Goal of the exercise :: Within the entries below, the lines from the one with "gleaming luck necklace" through the one with "Huawei, Huawei Watch" are to be set down exactly, both ends kept.

Source material ::
------

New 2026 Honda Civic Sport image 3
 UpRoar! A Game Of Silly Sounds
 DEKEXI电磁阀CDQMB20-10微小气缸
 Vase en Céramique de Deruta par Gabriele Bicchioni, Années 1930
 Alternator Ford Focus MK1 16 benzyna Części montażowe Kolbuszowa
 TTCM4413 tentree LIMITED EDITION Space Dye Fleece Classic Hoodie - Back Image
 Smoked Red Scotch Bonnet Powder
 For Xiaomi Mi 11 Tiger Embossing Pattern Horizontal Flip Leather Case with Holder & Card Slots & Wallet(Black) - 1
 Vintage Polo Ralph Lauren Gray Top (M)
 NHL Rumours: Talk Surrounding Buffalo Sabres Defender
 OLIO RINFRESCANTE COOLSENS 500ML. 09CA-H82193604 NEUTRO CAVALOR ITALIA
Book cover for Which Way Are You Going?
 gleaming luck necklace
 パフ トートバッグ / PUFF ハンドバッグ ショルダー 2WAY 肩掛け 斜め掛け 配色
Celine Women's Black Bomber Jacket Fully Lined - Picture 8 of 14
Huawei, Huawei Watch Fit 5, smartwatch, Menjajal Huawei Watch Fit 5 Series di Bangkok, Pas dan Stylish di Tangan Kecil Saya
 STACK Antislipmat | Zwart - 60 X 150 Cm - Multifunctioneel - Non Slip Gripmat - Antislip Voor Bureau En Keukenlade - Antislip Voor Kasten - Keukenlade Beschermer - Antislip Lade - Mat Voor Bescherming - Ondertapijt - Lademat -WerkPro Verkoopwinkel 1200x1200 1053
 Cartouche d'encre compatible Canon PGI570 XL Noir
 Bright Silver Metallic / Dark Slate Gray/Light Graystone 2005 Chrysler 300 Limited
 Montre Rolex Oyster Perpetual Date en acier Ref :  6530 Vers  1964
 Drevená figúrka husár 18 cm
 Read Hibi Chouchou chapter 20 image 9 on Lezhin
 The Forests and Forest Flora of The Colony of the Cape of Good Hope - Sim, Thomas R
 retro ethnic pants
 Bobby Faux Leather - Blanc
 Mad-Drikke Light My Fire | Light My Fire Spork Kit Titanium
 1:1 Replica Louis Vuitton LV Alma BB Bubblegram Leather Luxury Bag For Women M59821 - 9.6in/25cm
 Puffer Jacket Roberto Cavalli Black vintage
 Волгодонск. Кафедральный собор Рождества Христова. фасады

------

Written response ::
 gleaming luck necklace
 パフ トートバッグ / PUFF ハンドバッグ ショルダー 2WAY 肩掛け 斜め掛け 配色
Celine Women's Black Bomber Jacket Fully Lined - Picture 8 of 14
Huawei, Huawei Watch Fit 5, smartwatch, Menjajal Huawei Watch Fit 5 Series di Bangkok, Pas dan Stylish di Tangan Kecil Saya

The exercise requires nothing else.